El año pasado, kirchneristas, massistas y peronistas se unieron para sancionar una ley que frenaba las tarifas. A las pocas horas, Mauricio Macri vetó la norma. Lo curioso de la oposición en ese momento es que, pese a no contar con los dos tercios para insistir en las cámaras, ni siquiera empujó el tema. Es decir, no importaron nunca los aumentos, sino un movimiento político para dejar mal parado al resbaladizo oficialismo.

Ahora, Rossi y otros legisladores de la bancada ultra-K presentaron una iniciativa que plantea la suspensión de “aumentos tarifarios de los servicios públicos de gas, electricidad, agua potable y cloacas, a partir del 1 de enero de 2019, retrotrayendo las tarifas al 31 de diciembre de 2018”; la prohibición de nuevas subas “por el plazo de un año a partir de la sanción de la presente ley”; y que las futuras actualizaciones no excedan “el promedio del Coeficiente de Variación Salarial del año calendario inmediato anterior, a fin de garantizar tarifas justas y accesibles”.

“Según datos de la Universidad Nacional de Avellaneda (UNDAV), durante el período diciembre de 2015-diciembre de 2018 las tarifas de la energía eléctrica se incrementaron un 2.303% para el consumo T1 - R1. En lo que hace a la tarifa de gas (R2 - 1.500 m3), el alza fue de 1.752%, en tanto que, en el caso del agua, el aumento acumulado en el mismo período (para el caso de usuarios residenciales no medidos) fue de 655%, afectando en particular a las zonas de bajos ingresos”, explicaron los diputados K en un comunicado.

Desde el bloque también informaron: “Si se consideran asimismo los aumentos en el transporte (que en igual período alcanzaron un 401% en el caso del tren, 329% en el colectivo y 222% en el subte), siguiendo siempre los datos de la UNDAV, la incidencia actual del gasto en los servicios de electricidad, gas, agua y transporte ha crecido de forma significativa, pasando del 6,3% del Salario Mínimo, Vital y Móvil a fines de 2015 a más del 23,5% en la actualidad, superando los registros de países como Uruguay (15%), Colombia (17,3%), Ecuador (19,4%), Perú (19,8%), Brasil (21%) y Chile (23%)”.
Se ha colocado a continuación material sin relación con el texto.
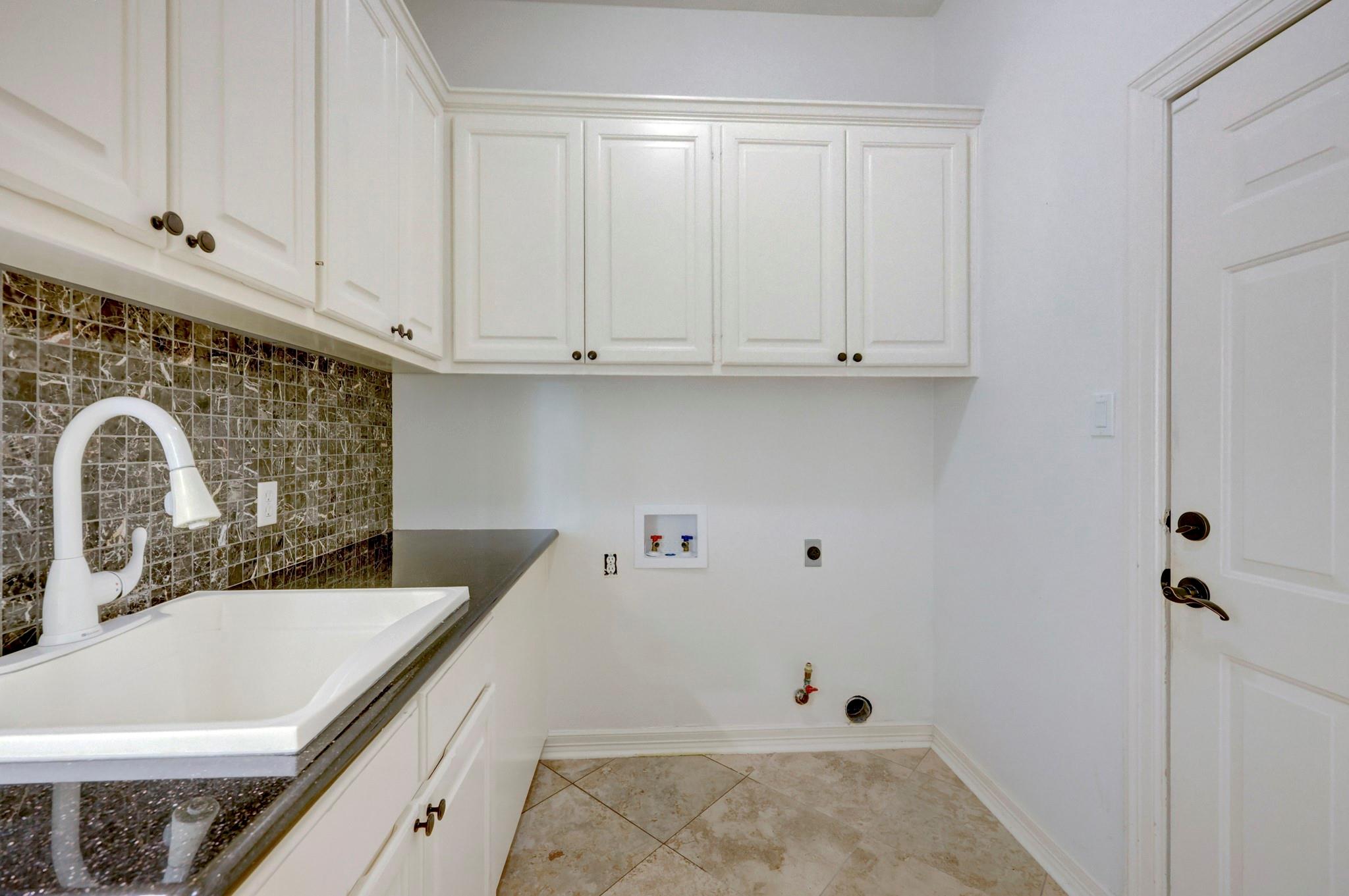 3105 Lacevine Ln Property Photo 28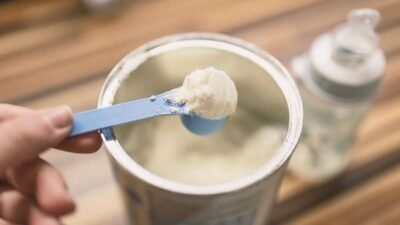 Tak sedikit ibu yang belum tahu soal kapan susu formula boleh diberikan untuk si kecil.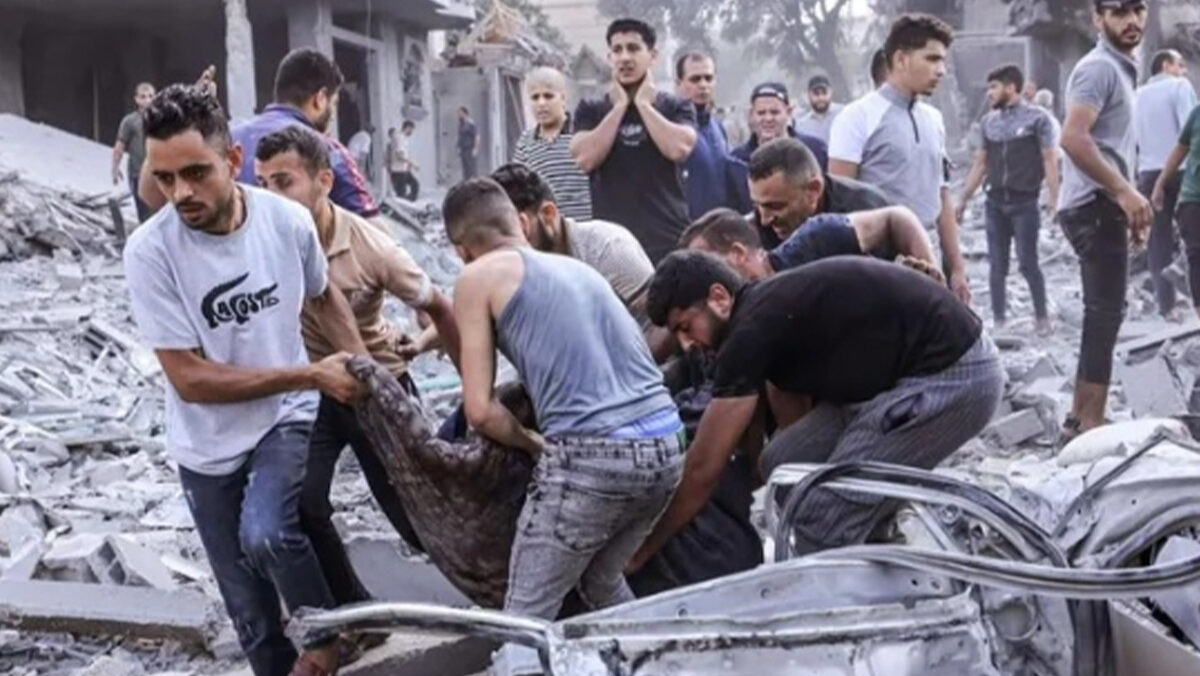 انتشال جثماني شهيدين من حي الزيتون شرق مدينة غزة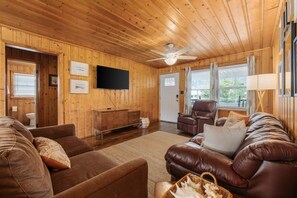 House | 3 bedrooms, desk, Internet - Clodhopper in Garden City (Murrells Inlet)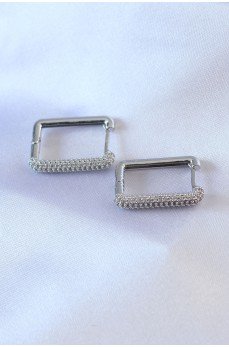Gümüş Renk Kare Model Zirkon Taşlı Pirinç Kadın Küpe Gümüş Renk Kare Model Zirkon Taşlı Pirinç Kadın Küpe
Semanas atrás, un informe del equipo económico de la diputada del Frente para la Victoria Fernanda Vallejos sugirió el regreso de los precios del gas, luz, agua y transporte a 2015, con actualizaciones trimestrales y subsidios por “la diferencia entre los costos del sistema y el precio que paguen los consumidores”, que se eliminarán “a medida que el salario y las jubilaciones aumenten en términos reales”. Es decir, una idea más pretenciosa que la de Rossi e incluso con salarios actuales.

En el informe de Vallejos también se pone en bandeja la posibilidad de actualizar tarifas “por un indicador trimestral que equipondere la variación de la Remuneración Imponible Promedio de los Trabajadores Estables (Ripte) y el Índice de Movilidad Previsional”.